Modeindustrie

"Behandelt uns mit etwas mehr Würde"

Von Jürgen Webermann |
Seit dem Unglück in der Textilfabrik im vorigen Jahr ist der Mindestlohn heraufgesetzt worden. Allerdings trägt die Textilindustrie die Kosten. Denn die Kunden sind nicht bereit, mehr zu bezahlen.
Ein ärmliches Viertel in Dhaka, der Hauptstadt von Bangladesch. Auf vielleicht 20 Quadratmetern wohnt hier Rosina mit ihrer kleinen Familie. Rosina hat als Näherin im Rana Plaza gearbeitet. In jenem Hochhaus, das im vergangenen Frühjahr einstürzte.
"Wir haben die Risse schon vorher gesehen. Dann brach das Gebäude in sich zusammen. Nach einiger Zeit kam ich wieder zu mir. Eine Maschine und einige Betonteile hatten meinen linken Arm eingequetscht. Zwei Tage lag ich dort. Dann fanden sie mich."
Aber die Retter konnten Rosina nicht befreien. Am Ende reichten sie ihr eine Säge. Sie musste sich den eingequetschten Arm selbst absägen. Nur so entkam sie aus den Trümmern.
Der Staat hat Rosina eine kleine Entschädigung gezahlt. Von der Modeindustrie im Westen hat sie bislang aber noch keinen einzigen Cent gesehen. Erst Ende Dezember, acht Monate nach der Katastrophe, rangen sich europäische Firmen dazu durch, einen Hilfsfonds aufzulegen. Details müssen aber immer noch geklärt werden.

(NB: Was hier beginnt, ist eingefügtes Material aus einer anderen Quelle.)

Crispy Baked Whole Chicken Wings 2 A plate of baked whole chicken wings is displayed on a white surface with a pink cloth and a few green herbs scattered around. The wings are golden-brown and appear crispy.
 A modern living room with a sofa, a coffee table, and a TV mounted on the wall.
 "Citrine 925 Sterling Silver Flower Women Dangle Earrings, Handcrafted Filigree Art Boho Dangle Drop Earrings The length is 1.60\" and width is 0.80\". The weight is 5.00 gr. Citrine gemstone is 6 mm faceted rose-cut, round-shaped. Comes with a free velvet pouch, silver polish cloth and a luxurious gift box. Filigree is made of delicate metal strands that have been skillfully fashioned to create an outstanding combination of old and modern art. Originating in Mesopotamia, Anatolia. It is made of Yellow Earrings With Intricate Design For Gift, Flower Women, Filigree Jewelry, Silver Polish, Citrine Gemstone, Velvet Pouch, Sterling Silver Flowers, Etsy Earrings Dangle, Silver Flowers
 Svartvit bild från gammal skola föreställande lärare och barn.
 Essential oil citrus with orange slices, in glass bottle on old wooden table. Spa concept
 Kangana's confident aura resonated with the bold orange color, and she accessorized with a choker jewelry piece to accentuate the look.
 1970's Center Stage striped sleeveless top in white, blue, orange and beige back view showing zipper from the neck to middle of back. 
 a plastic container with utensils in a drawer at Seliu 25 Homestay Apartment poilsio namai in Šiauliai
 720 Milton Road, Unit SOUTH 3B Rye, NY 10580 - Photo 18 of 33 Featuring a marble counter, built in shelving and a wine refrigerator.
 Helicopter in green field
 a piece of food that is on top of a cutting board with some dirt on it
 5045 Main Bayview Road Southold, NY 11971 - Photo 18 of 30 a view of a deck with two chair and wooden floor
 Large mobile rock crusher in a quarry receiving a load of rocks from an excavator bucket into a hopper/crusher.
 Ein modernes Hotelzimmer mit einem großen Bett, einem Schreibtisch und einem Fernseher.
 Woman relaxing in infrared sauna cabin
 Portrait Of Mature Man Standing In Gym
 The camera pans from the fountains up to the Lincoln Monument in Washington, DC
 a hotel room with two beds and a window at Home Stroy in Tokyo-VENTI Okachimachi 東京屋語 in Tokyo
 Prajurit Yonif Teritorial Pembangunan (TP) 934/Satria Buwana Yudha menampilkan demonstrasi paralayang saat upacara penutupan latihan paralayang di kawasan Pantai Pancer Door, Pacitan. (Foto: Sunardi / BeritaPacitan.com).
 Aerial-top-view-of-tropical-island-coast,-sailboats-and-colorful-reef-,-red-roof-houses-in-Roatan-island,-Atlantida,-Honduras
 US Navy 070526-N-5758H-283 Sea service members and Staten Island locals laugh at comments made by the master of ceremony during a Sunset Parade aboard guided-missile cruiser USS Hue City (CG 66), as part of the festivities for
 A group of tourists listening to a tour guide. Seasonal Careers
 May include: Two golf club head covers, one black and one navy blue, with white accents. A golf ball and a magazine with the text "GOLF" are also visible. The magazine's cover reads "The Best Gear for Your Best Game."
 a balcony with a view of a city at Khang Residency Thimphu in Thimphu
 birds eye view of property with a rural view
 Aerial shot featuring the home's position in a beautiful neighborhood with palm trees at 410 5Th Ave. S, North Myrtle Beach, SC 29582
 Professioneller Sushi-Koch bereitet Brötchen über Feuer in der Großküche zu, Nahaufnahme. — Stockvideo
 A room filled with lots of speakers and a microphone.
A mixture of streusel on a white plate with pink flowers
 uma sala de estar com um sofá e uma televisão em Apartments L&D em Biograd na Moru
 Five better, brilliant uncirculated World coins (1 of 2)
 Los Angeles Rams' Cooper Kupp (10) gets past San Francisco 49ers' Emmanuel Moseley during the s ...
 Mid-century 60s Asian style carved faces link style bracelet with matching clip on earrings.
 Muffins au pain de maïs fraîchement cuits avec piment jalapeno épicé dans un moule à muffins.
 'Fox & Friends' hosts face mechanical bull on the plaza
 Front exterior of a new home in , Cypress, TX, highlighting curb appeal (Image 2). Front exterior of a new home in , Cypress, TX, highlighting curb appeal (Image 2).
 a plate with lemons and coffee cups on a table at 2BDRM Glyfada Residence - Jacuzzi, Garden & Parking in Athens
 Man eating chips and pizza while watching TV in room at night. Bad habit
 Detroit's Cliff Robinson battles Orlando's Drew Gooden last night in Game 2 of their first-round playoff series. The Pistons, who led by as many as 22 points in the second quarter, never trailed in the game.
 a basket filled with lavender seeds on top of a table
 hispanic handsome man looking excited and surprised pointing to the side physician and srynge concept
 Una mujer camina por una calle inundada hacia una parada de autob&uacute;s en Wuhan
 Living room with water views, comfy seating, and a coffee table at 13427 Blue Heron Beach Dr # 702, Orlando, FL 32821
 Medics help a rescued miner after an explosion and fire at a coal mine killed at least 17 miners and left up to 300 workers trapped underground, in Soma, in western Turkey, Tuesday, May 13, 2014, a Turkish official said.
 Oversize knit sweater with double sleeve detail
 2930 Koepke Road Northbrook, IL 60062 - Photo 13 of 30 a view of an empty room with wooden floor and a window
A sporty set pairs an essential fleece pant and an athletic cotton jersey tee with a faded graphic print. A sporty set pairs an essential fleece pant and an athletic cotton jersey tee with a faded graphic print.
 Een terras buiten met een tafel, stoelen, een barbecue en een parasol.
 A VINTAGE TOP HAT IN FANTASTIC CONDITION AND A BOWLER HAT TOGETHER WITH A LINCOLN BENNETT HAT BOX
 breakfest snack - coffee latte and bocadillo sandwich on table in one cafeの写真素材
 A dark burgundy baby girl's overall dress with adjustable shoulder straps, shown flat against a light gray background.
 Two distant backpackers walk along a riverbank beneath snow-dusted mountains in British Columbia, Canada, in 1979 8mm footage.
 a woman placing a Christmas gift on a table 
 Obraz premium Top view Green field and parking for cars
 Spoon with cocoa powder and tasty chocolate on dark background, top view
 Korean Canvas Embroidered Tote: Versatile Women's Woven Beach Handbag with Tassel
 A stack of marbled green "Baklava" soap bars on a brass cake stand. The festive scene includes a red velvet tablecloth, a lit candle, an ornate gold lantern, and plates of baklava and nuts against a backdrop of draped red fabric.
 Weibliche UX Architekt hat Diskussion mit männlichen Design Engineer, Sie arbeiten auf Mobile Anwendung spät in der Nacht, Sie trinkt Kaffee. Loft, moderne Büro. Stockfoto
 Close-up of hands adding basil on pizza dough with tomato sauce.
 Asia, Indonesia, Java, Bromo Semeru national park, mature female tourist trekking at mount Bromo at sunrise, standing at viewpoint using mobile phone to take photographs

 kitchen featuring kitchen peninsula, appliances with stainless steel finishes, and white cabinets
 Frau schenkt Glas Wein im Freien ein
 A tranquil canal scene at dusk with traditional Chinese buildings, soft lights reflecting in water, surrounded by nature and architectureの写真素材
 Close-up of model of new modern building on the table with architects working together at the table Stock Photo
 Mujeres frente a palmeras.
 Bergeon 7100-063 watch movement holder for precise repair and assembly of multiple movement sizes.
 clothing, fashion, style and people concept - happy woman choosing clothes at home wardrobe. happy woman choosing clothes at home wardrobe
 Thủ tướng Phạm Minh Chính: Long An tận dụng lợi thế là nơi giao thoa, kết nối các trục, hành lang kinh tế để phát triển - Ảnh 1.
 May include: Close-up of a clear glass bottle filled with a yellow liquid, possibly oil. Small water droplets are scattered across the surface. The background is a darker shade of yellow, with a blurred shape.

12 Stunden täglich an der Nähmaschine
Eine der unzähligen Fabriken in Dhaka, ein zweigeschossiges, einfaches Betongebäude, nach einigem Verhandeln lässt uns der Besitzer rein. 500 Arbeiterinnen sitzen hinter Nähmaschinen. 12 Stunden pro Tag. Mindestens.
Shohag ist hier der Chef. Ein junger Mann, er trägt einen Kapuzenpulli. Vor ihm im Büro liegt ein blaues T-Shirt, das nach Deutschland geliefert werden soll. Das Preis-schild ist schon dran, 6.95 Euro.
"Mein Kunde zahlt mir dafür 1,50 Dollar, also etwas mehr als einen Euro. Ich verdiene kaum noch daran."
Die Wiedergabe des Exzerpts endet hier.